**WHAT IS NEEDED**
Reproduce the listing that follows character for character, excluding its pictures.

**DATA BLOCK**
....

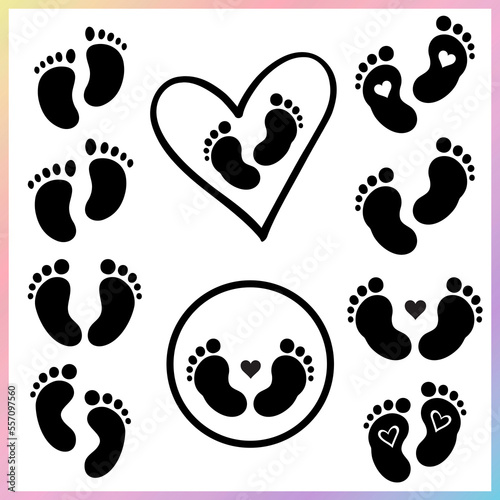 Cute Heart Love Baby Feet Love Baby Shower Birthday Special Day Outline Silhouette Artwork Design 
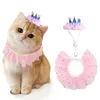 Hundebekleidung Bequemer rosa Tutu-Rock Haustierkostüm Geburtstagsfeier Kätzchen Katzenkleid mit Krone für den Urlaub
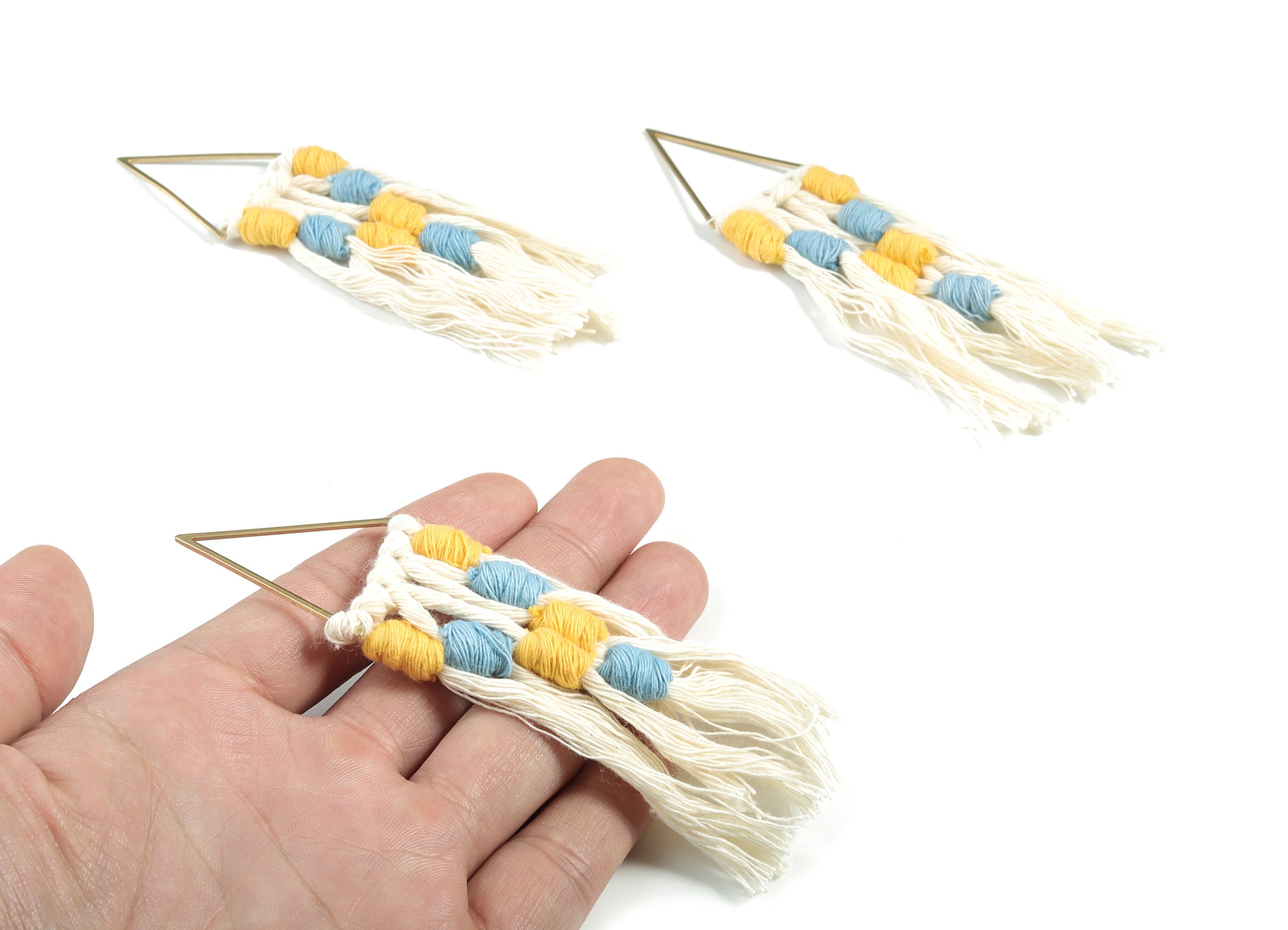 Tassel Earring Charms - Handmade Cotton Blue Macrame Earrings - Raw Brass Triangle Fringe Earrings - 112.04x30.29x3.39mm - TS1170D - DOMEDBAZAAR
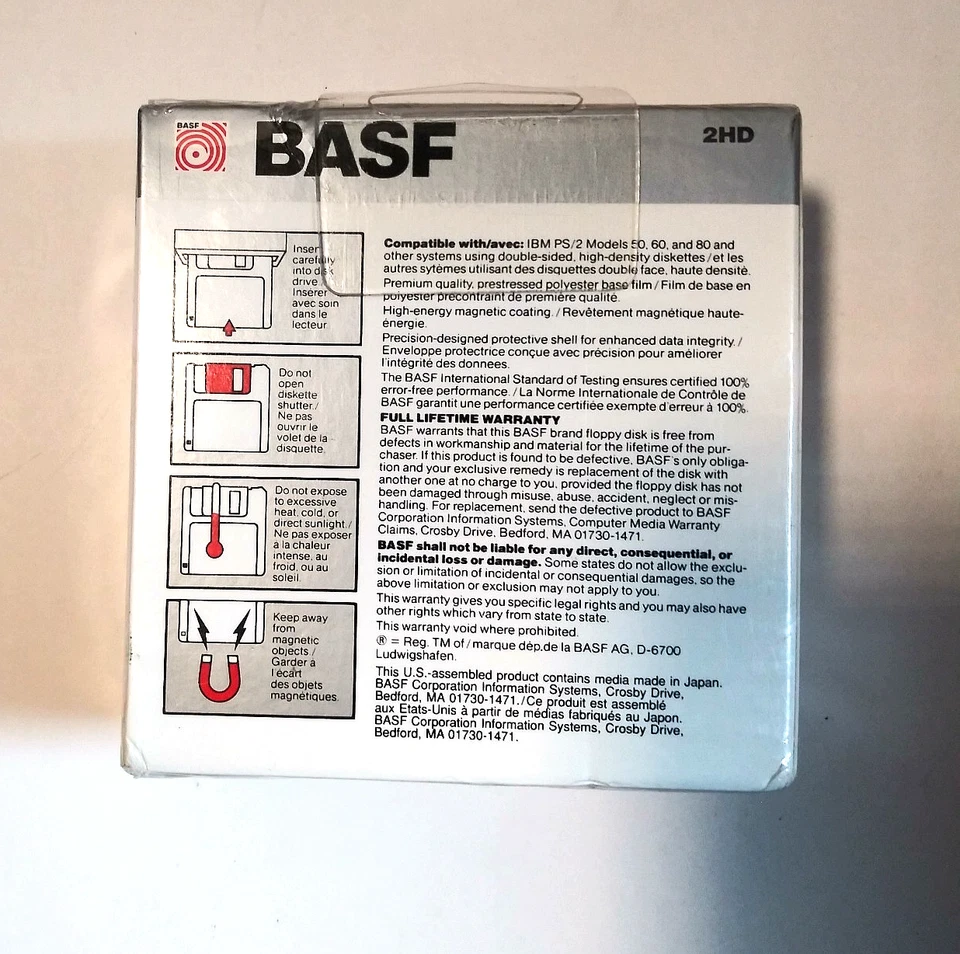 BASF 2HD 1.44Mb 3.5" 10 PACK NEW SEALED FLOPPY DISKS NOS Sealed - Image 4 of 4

....

**REPLY**
 Cute Heart Love Baby Feet Love Baby Shower Birthday Special Day Outline Silhouette Artwork Design 
 Hundebekleidung Bequemer rosa Tutu-Rock Haustierkostüm Geburtstagsfeier Kätzchen Katzenkleid mit Krone für den Urlaub
 Tassel Earring Charms - Handmade Cotton Blue Macrame Earrings - Raw Brass Triangle Fringe Earrings - 112.04x30.29x3.39mm - TS1170D - DOMEDBAZAAR
 BASF 2HD 1.44Mb 3.5" 10 PACK NEW SEALED FLOPPY DISKS NOS Sealed - Image 4 of 4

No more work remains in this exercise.